Lloyds Banking Group is expected to announce plans this week to create 8,000 jobs as part of a £3 billion transformation and technology investment program.
According to Sky News, Britain’s biggest High Street lender is also cutting around 6,000 existing jobs in a broad range of areas, including its group transformation division, corporate banking, retail and community banking activities.
The 8,000 new jobs are rumored to focus on areas of an expansion as part of a three-year strategy revealed earlier this year that aims to digitize the financial institution’s infrastructure and the services it offers across its banking, insurance and pensions operations.
The employees in roles being cut will reportedly have the opportunity to apply for one of the new job openings.
Lloyds, which has more than 14 million customers, has also focused on moving into other financial areas. It recently partnered with Schroders, the asset management giant, to expand the bank’s areas of wealth advice, and in 2016 it purchased credit card firm MBNA for $2.35 billion from Bank of America.
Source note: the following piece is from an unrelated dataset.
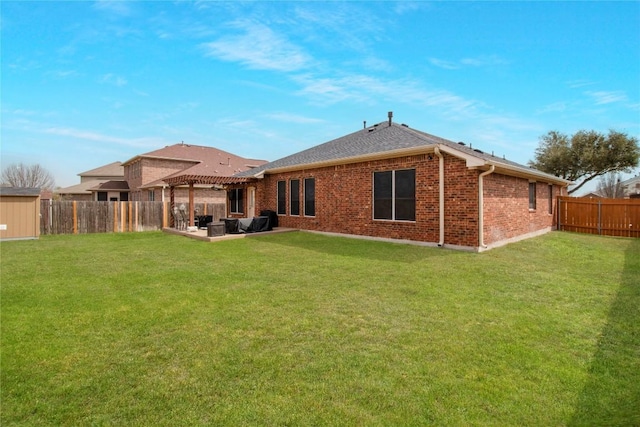 rear view of property featuring brick siding, a patio, a lawn, a pergola, and a fenced backyard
And last year Lloyds became the first financial services firm in the U.K. to bring in Microsoft to strengthen consumer banking security, allowing customers to use fingerprint and facial recognition technology to access their bank accounts. That means passwords and PINS were replaced in a test pilot with features of Microsoft’s “Hello” service, which will “know” users as they log on.
“Windows Hello enables users to log in to a Windows device in less than two seconds, and this use of advanced biometric technology will provide Lloyds Banking Group customers with a more seamless and frictionless experience without compromising security,” noted Ryan Asdourian, Windows and devices lead at Microsoft U.K. at the time.
At that same time, Lloyds also revealed plans to shrink branches down into “micro” versions staffed by as few as two people.